Two months premature and weighing five pounds, the baby born to John Marshall and Jane Lampton Clemens on November 30, 1835, in the frontier hamlet of Florida, Missouri, had the worst possible prospects. "A lady came in one day," Jane Clemens wrote later, and "said you don't expect to raise that babe do you. I said I would try. But he was a poor looking object to raise."
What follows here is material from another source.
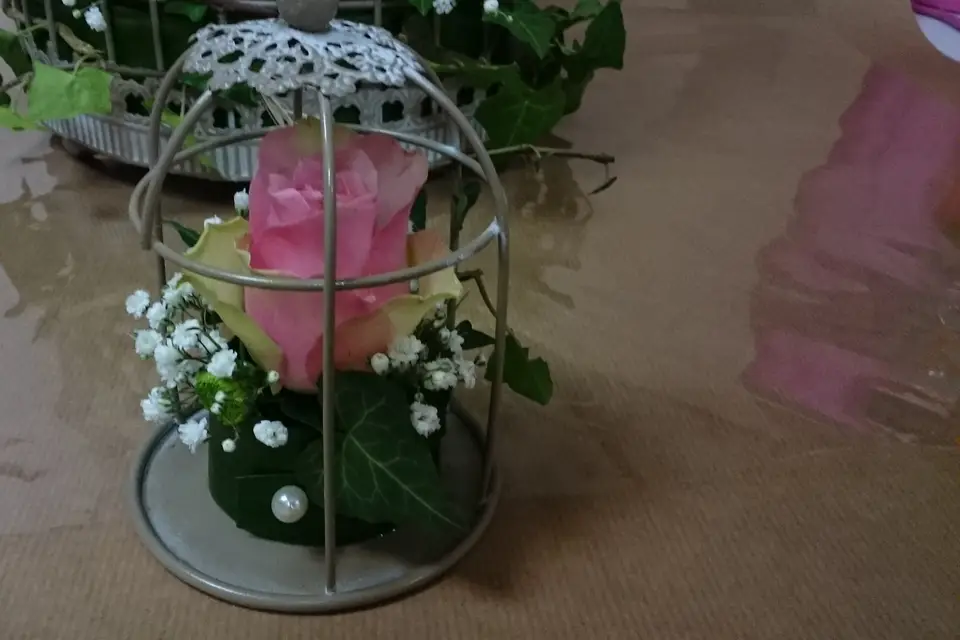 Rapid'flore — photo 8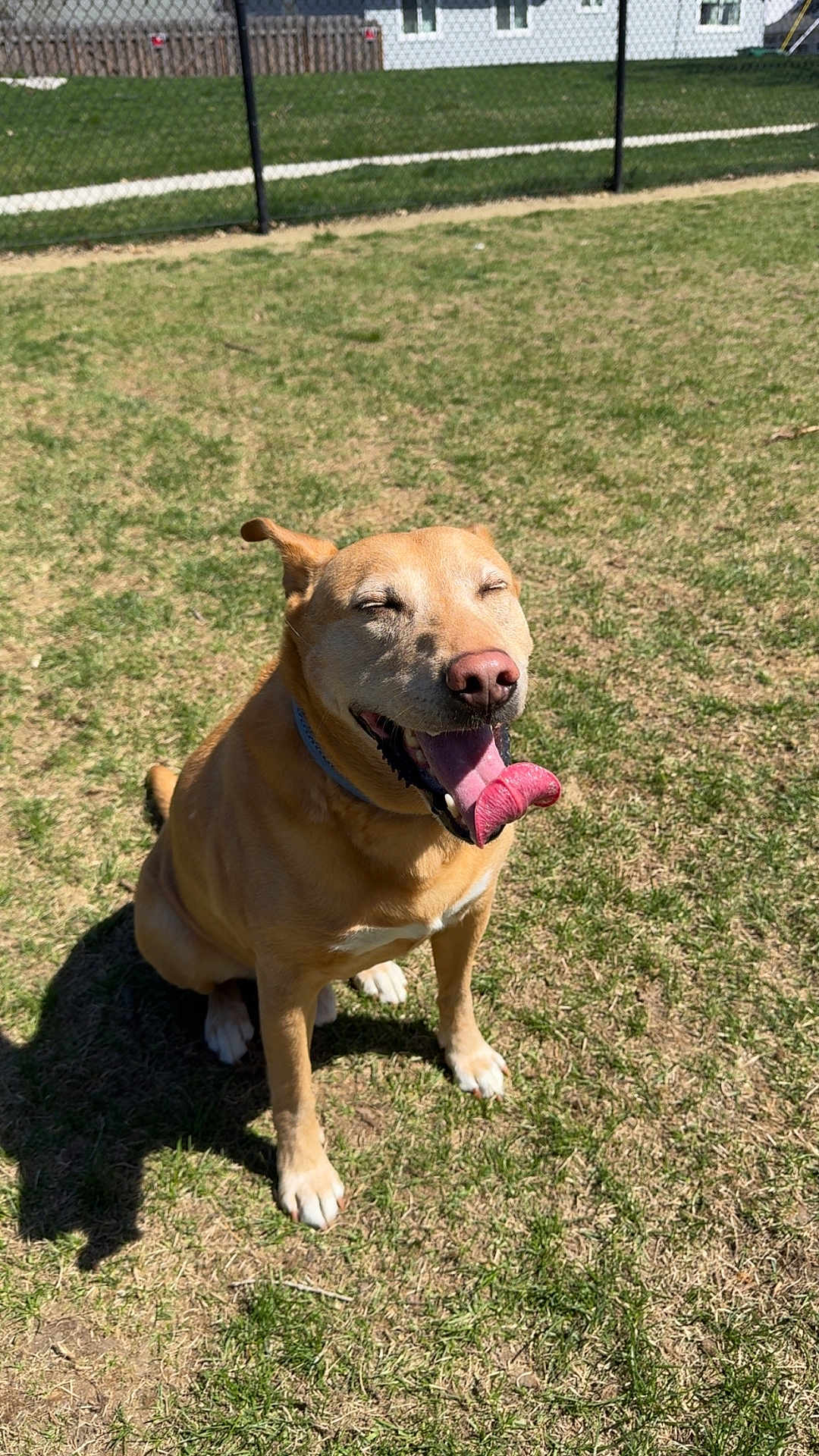 Duke is registered to the contest to win money with this photo: dog, canine, tongue_out, happy, sitting, outdoor, grass, sunny, pet, light_brown, collar, playful, daytime, fence, yard, animal, domestic_animal, muzzle, shadow, house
The most auspicious element in the child's birth was the presence of Halley's Comet in the sky. The Clemenses and Jane's extended family, the largest and most prominent among the local pioneers, were literate people, but that didn't stop them from subscribing to a host of superstitions. No one had yet heard of Charles Darwin; the mysterious complexity of life seemed more a result of contesting angels and demons than of predictable laws discernible by science. Such powerful forces as electricity had been investigated, but not tamed, and even the most learned among Missouri frontiersmen believed that a little luck, courted by the right ritual, would take a person further than the latest scientific knowledge. The presence of the comet seemed an omen to the Clemens clan, though whether for their new son or their new home they could not guess. Jane's family--her sister, father, uncle, brother-in-law, cousins, nephews, and nieces--brought their jovial warmth to bear on making the comet's lucky powers apply to both Sam and their town. Without them, the boy would almost certainly have followed the fate of the Clemenses' third child, Pleasant, born half a dozen years before and dead within three months.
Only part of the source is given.